Il motto era Libertas Ecclesiastica: non, come è stato sostenuto, «evidentemente polemico nei confronti della “tirannica” Signoria malatestiana», ma la formula “standard” di privilegio appunto concesso tramite bolla pontificia, usata per la prima volta nel 1357 per la città di Fano dal cardinale Egidio Albornoz. Più che “libertà”, concedeva una certa autonomia amministrativa. Non si dava più la “terra” in feudo a un padrone o vicario, che ne disponeva quasi come privata proprietà trasmettendola anhe agli eredi, ma la si affidava a un governatore nominato di anno in anno.
Ma Raffaele Adimari aggiunge dettagli meno festosi: «La plebe, sempre cupida di cose nuove, massime nella mutazione di signoria, per allegrezza della partita dei signori Malatesti tentò di minare il celebre Tempio di S. Francesco, ma ne fu impedita dalla Nobiltà, sebbene nel primo impeto con ferree mazze rompesse due grandi cocciole di cappe di marmo, ed erano sopra la testa di due elefanti dalle bande della porta maggiore. E coll’istessa furia abbruciò sulla piazza della Fontana numerose carte d’ archivii, delle quali quelle che furono salvate, furono mandate poscia a Roma per volere di Clemente VII».
Chissà se è proprio in questi giorni che qualcuno ordina di far ridipingere la pala del Ghirlandaio che dal 1494 sta in San Cataldo, la chiesa dei Domenicani: le immagini della famiglia malatestiana (a sinistra, Elisabetta Aldobrandini e Violante Bentivoglio; a destra Pandolfo e il fratello minore Carlo) vengono fatte sparire sotto una patina di nuovo colore. Saranno ritrovate solo durante il restauro del 1924.
Senza signoria nè patria, Sigismondo continua nel mestiere delle armi, l’unico che conosce. Serve gli antici amici di Rimini: Repubblica di Venezia, il duca di Ferrara che è Alfonso I d’Este e quindi il ducato di Mantova. Ma non riesce a rassegnarsi; per quattro anni, dal 1534 al 1538, raduna risorse, amicizie e soldati per poter attaccare ancora una volta Rimini. Ma quando ci prova viene ricacciato, questa volta davvero per sempre. Torna allora presso gli Estensi e si sistema a Reggio, dove muore nel 1543 a soli 45 anni.
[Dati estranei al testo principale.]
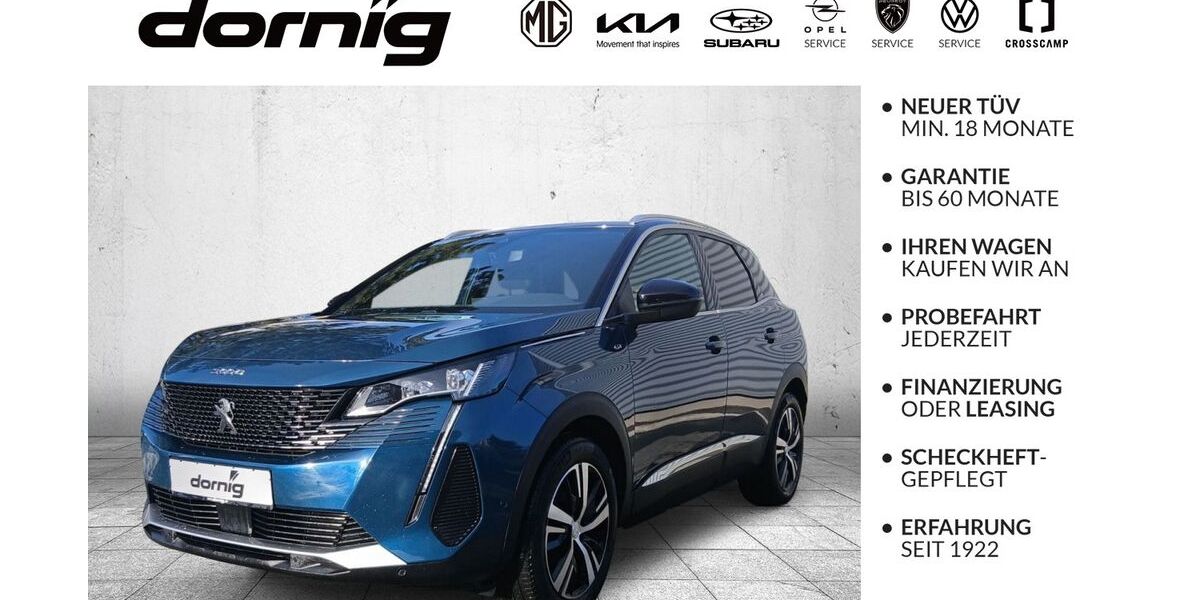 Peugeot 3008 67.290 km 20.490 &euro; Hof 95030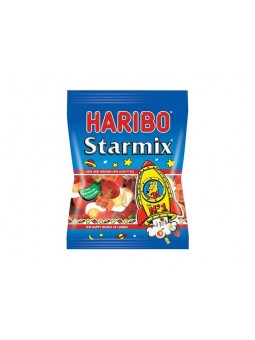 HARIBO CARAMELLE STARMIX...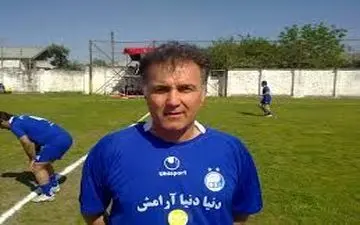 نصف بازیکنان تیم استقلال در حد این تیم نیستند، 100 هزار تومان هم قراردادشان نیست!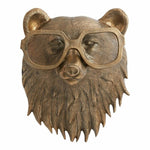 Playful Animal Wall Decor – Handcrafted for Your Home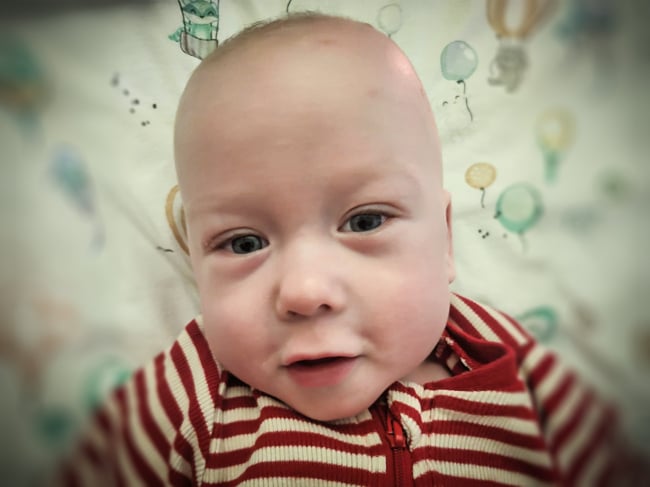 Jaś Walkowiak - main photo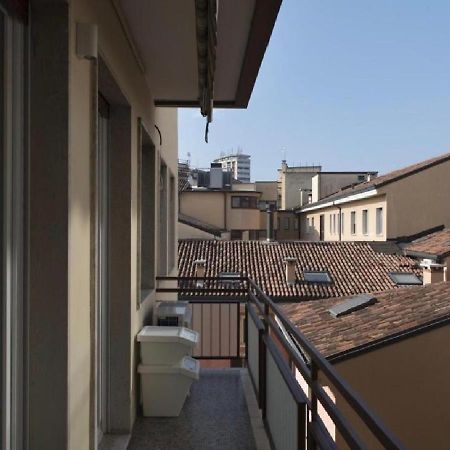 Madonna Montecchi Luxury Suite In Βερόνα Εξωτερικό φωτογραφία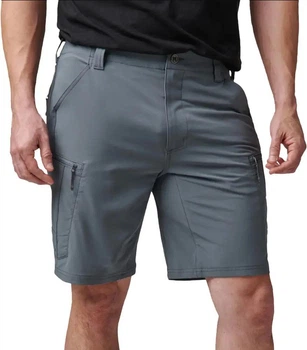 Шорты 5.11 Tactical Trail 9.5" Shorts 28 Turbulence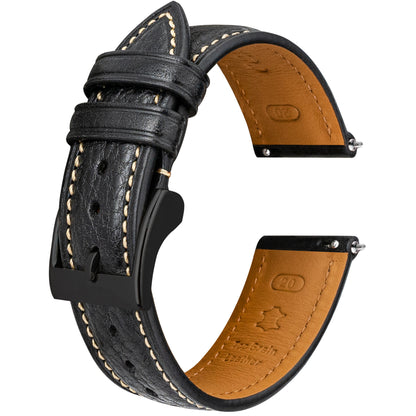 Black Badalassi Signature Strap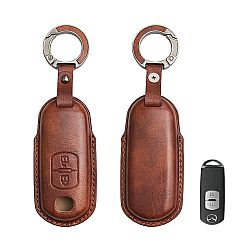 370071 ΘΗΚΗ ΑΠΟ ΟΙΚΟΛΟΓΙΚΟ ΔΕΡΜΑ ΓΙΑ MAZDA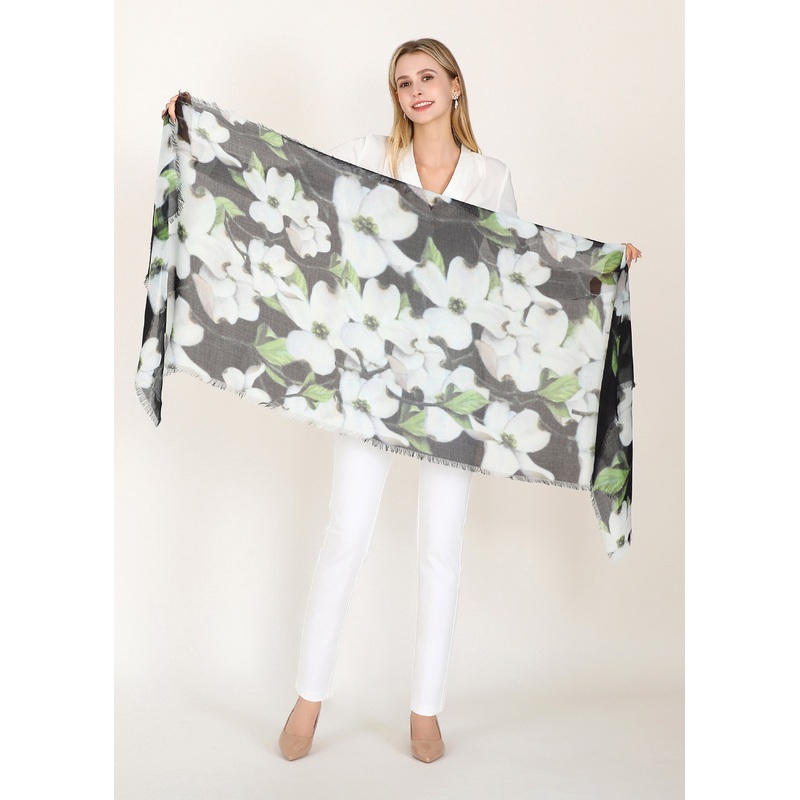 Loves Pure Light – White Dogwood British Columbias Emblem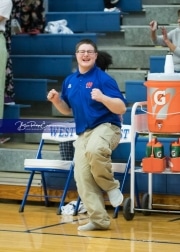 Basketball East Henderson at West Henderson_BRE_8563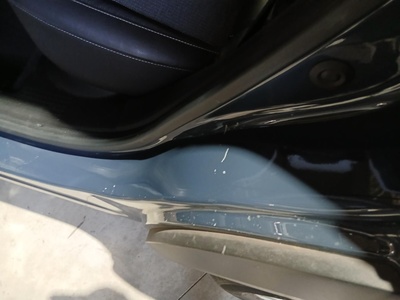 Renault Captur Zen E-TECH Híbrido enchufable 118 kW (160 CV) 13 Renault Captur Zen E-TECH Híbrido enchufable 118 kW (160 CV) 13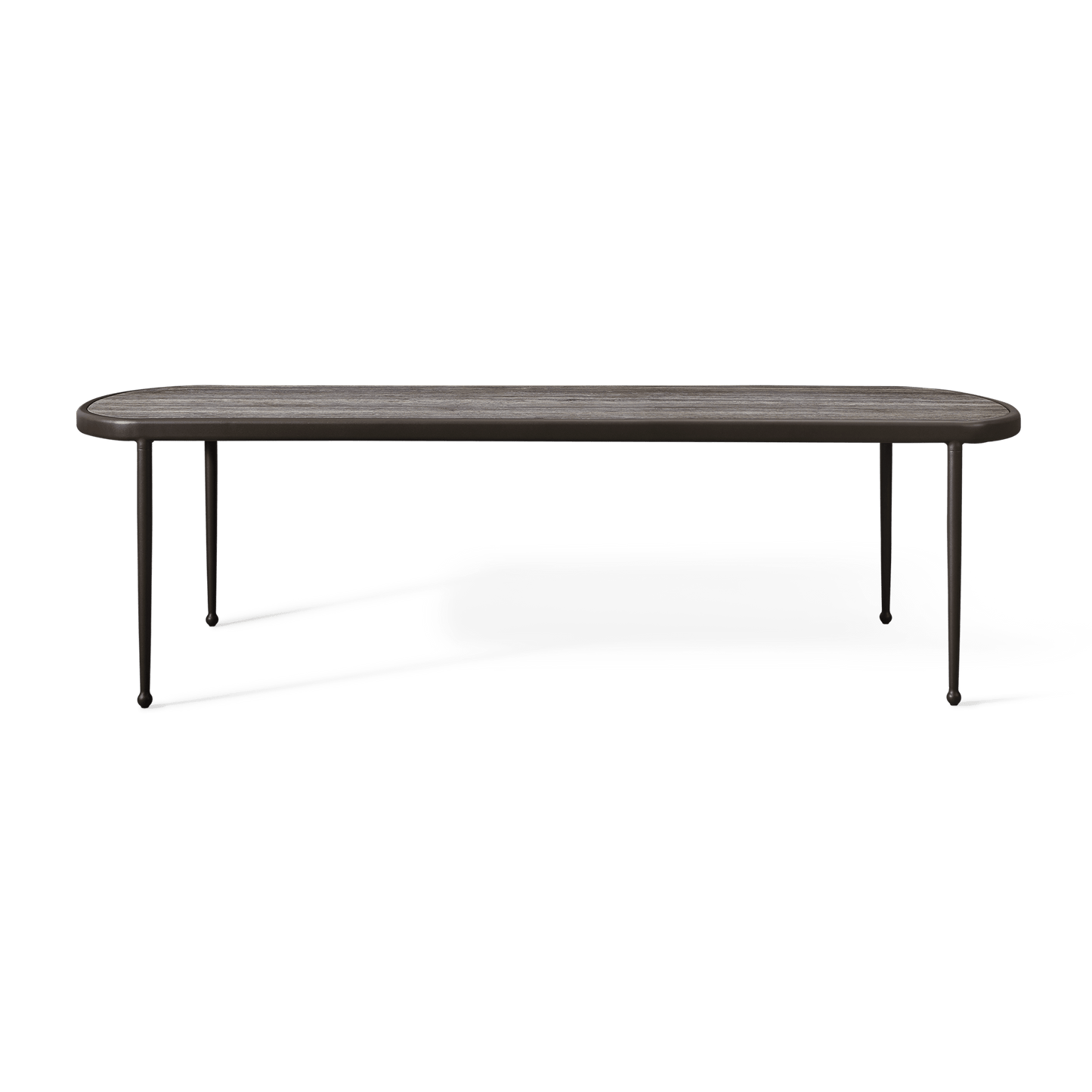 Andre Rectangle Dining Table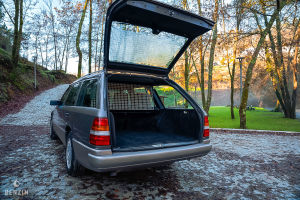 Mercedes-Benz 200 TE W124 - 1994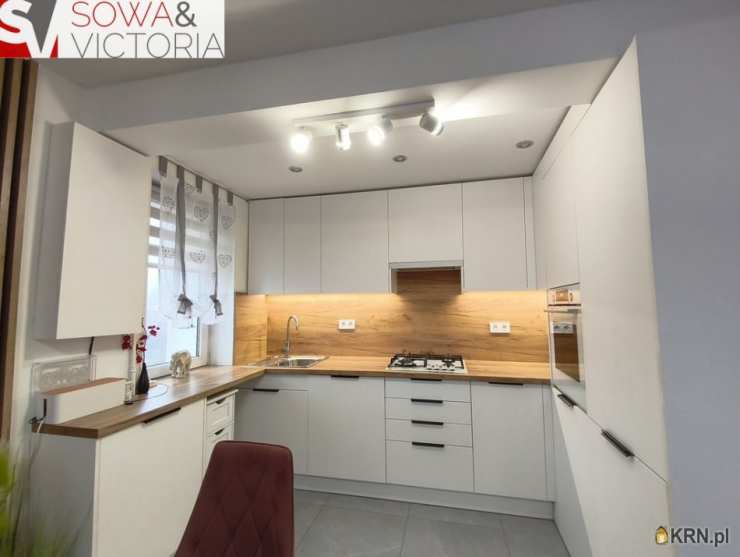 Mieszkanie  na sprzedaż, Wałbrzych, Biały Kamień, ul. , 3 pokojowe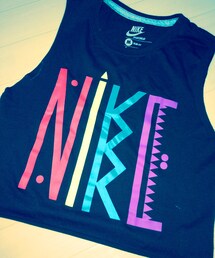 NIKE | タンクトップ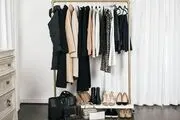 نحوه ست کردن بوت بلند با دامن برای زمستان +عکس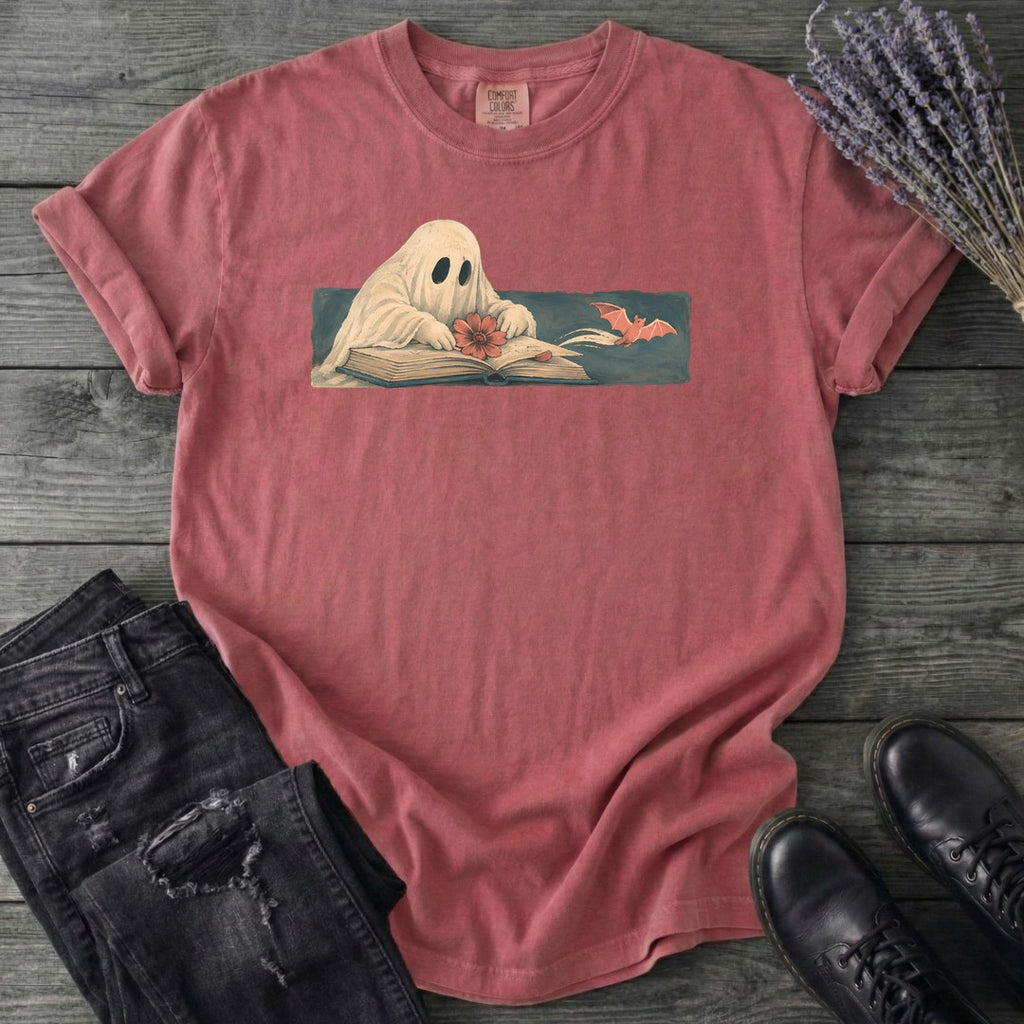 Pressed In Spirit T-Shirt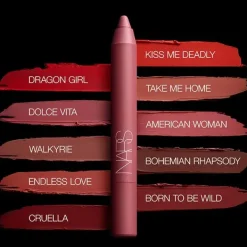 Powermatte High-Intensity Lip Pencil*NARS Discount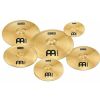Meinl HCS SCS Super Cymbal Set 10S, 14HH, 16C, 18C, 16CH, 20R soubor bic�ch �inely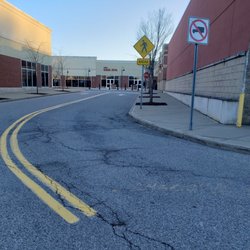 The Shoppes At South Hills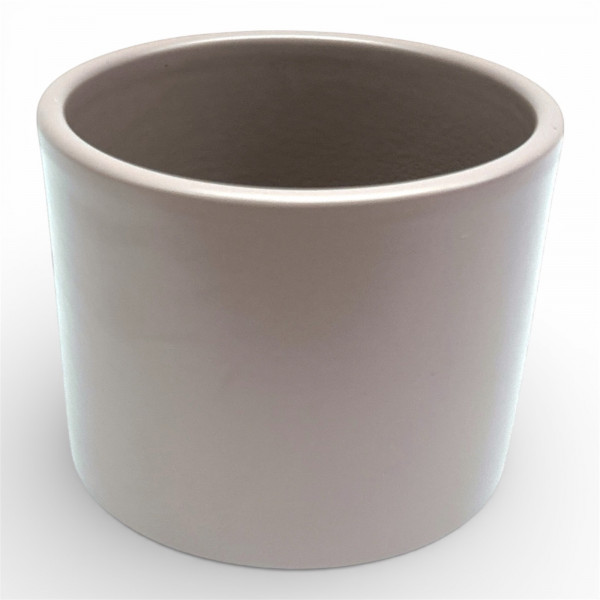 Keramik-Minitopf "Cylindro"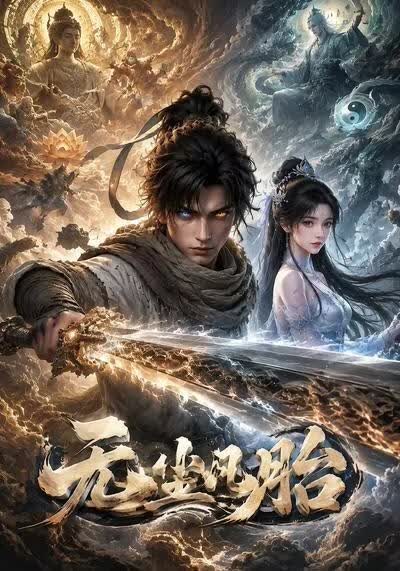 无尘凡胎(全集)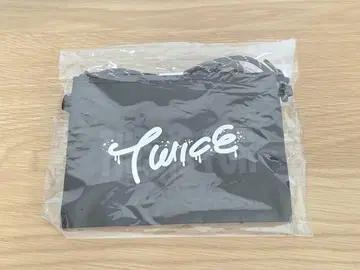 TWICE THIS IS FOR 미니 사코슈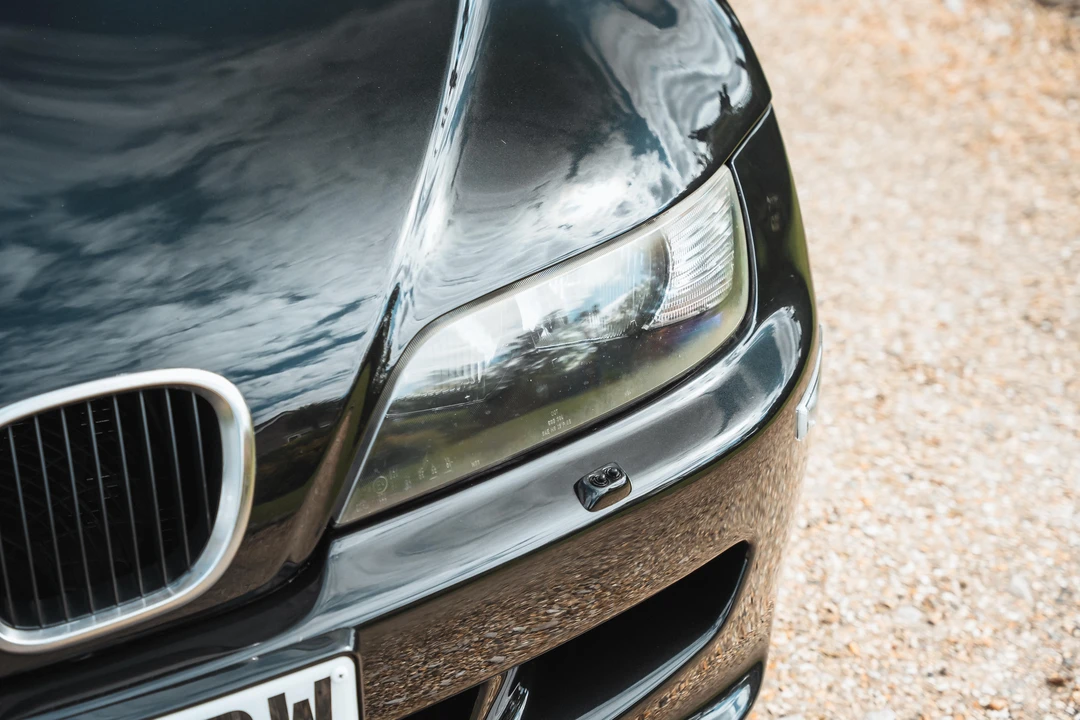 1998 BMW Z3 M Coupe - Image 28 of 31
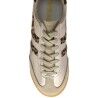 Gola Torpedo Glimmer Safari - Zapatillas urbanos - Mujer | Hardloop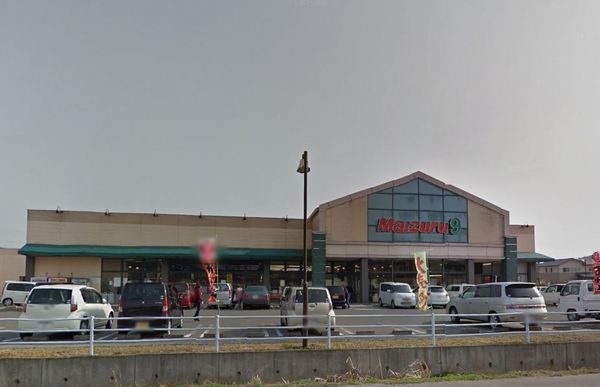 鬼塚小学校西1(まいづる９　山本店)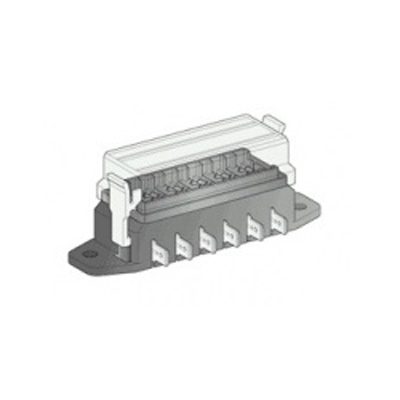 ΑΣΦΑΛΕΙΟΘΗΚΗ MTA 6 ΘΕΣΕΩΝ ΔΙΧΑΛΟ UNIVAL ΦΙΣ ΠΛΑΙ 0100600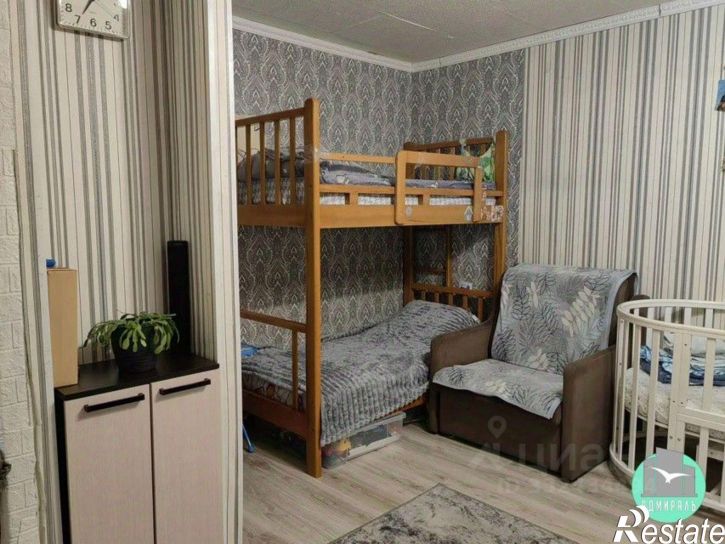 1-комн квартира ул Видова, 176,  д. 176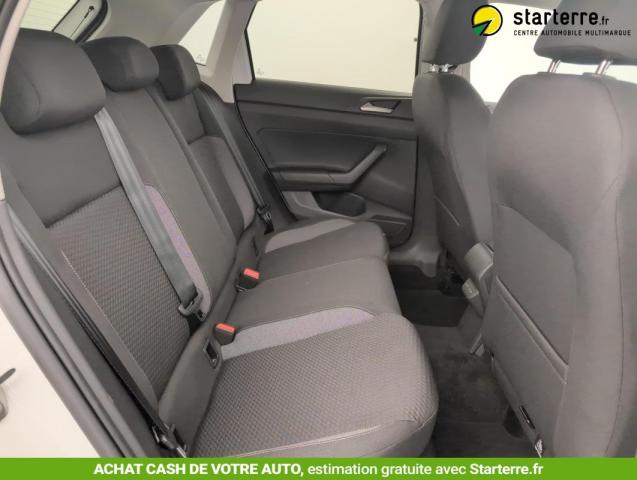 Volkswagen Polo image 6
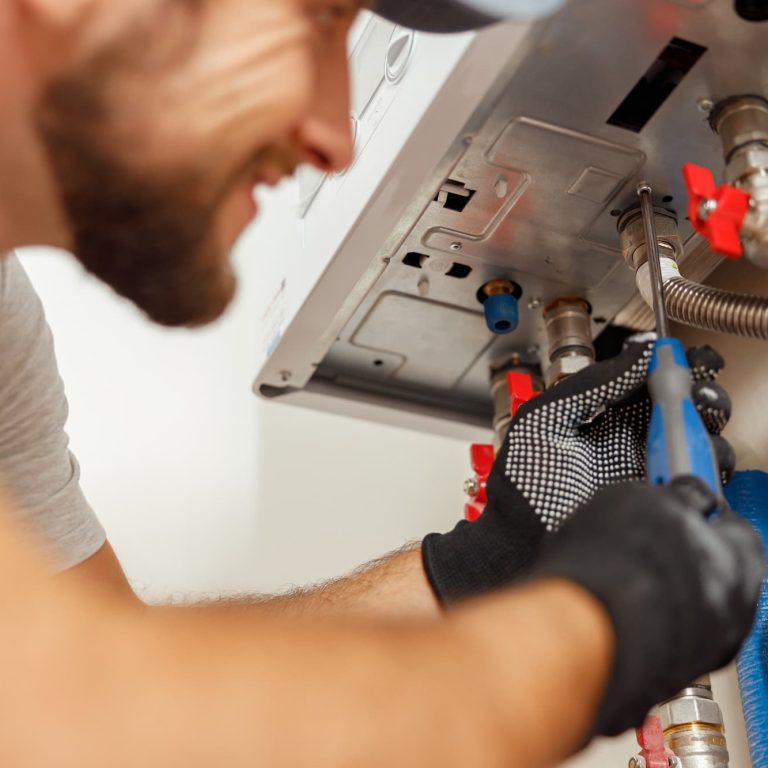 Heating Service Repairs and Maintenance Premier Heating Solutions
E Pandolfaccio? Per lui c’è un esilio ai limiti della povertà. Rimasto vedovo di Violante Bentivoglio, sposa Ippolita di Sebastiano Tebaldi, dalla quale nascono Valerio e Cassandra. Con la nuova famiglia si stabilisce a Roma, dove muore nel giugno 1534 a 59 anni. Viene tumulato nella chiesa di S. Maria in Trastevere. La discendenza degli ultimi signori di Rimini si estingue agli inizi del XVIII secolo.